**Given information**:
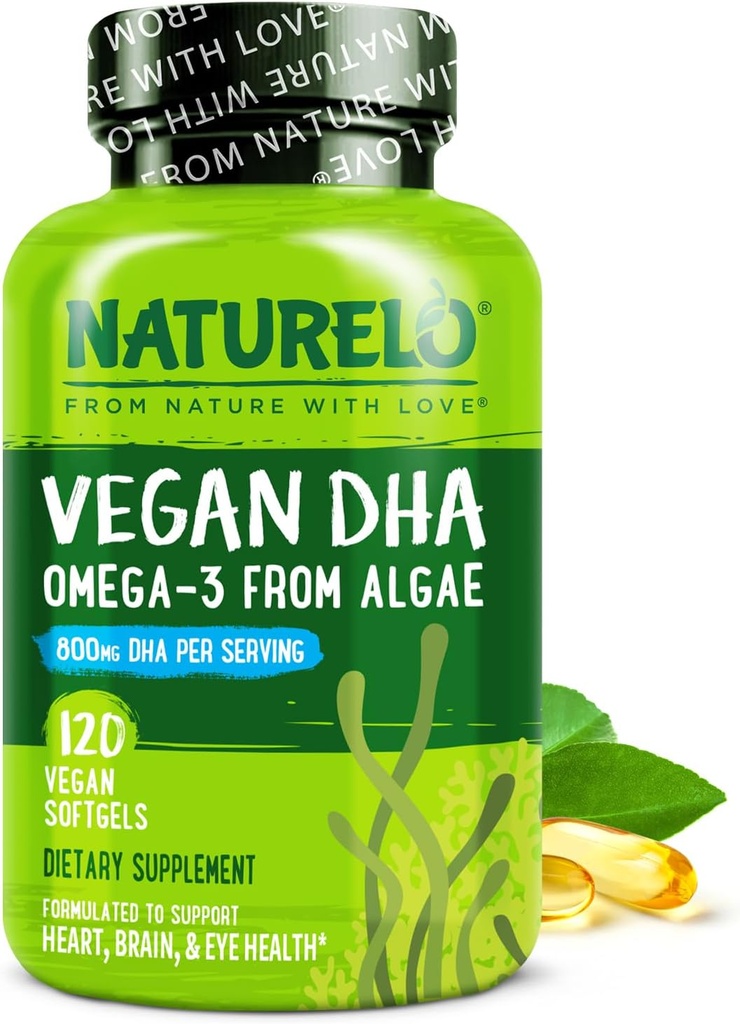 NATURELO Vegan DHA - Omega 3 Oil from Algae - Συμπλήρωμα για τον εγκέφαλο, την καρδιά, την κοινή, την υγεία των ματιών - παρέχει απαραίτητα λιπαρά οξέα για τις γυναίκες άνδρες και παιδιά - Συμπληρώνει προγεννητικές βιταμίνες - 120 Softgels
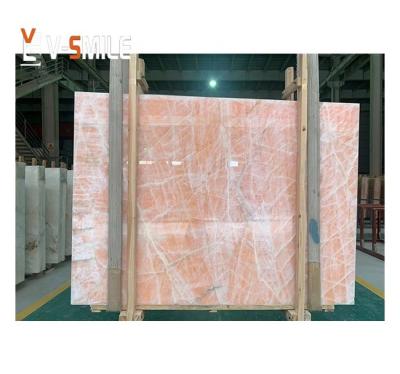 China Ice Age Modern Translucent Onyx Plate Onyx Factory Orange Marble Slab for sale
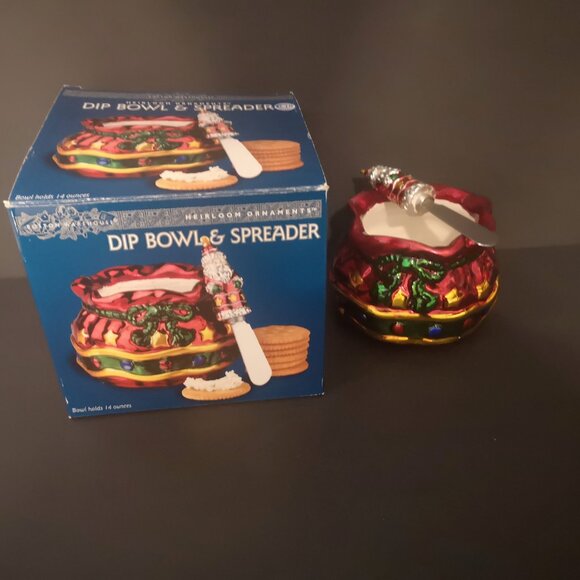 New Boston Warehouse Heirloom Ceramic Dip Bowl & Spreader 14oz Red, Green & Gold - Picture 2 of 4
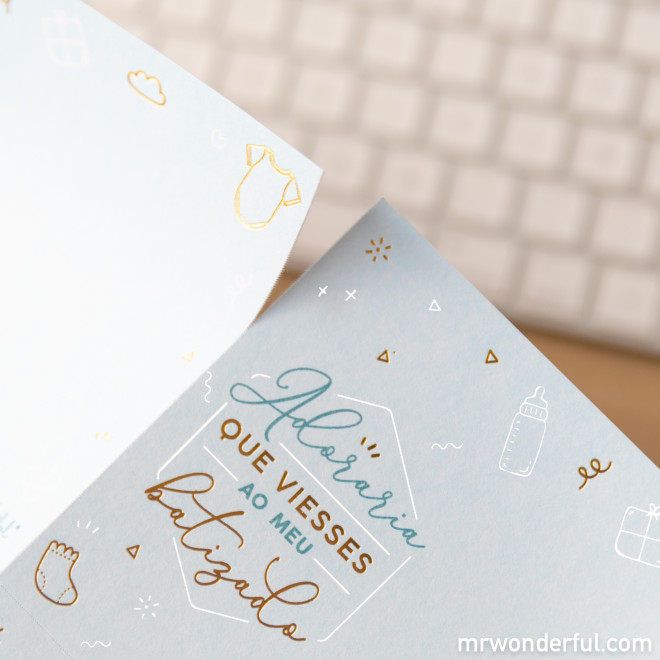 Convites batizado azul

**Work item**: Could you return the whole listing exactly, images excluded?

**Exercise result**:
 NATURELO Vegan DHA - Omega 3 Oil from Algae - Συμπλήρωμα για τον εγκέφαλο, την καρδιά, την κοινή, την υγεία των ματιών - παρέχει απαραίτητα λιπαρά οξέα για τις γυναίκες άνδρες και παιδιά - Συμπληρώνει προγεννητικές βιταμίνες - 120 Softgels
 China Ice Age Modern Translucent Onyx Plate Onyx Factory Orange Marble Slab for sale
 New Boston Warehouse Heirloom Ceramic Dip Bowl & Spreader 14oz Red, Green & Gold - Picture 2 of 4
 Convites batizado azul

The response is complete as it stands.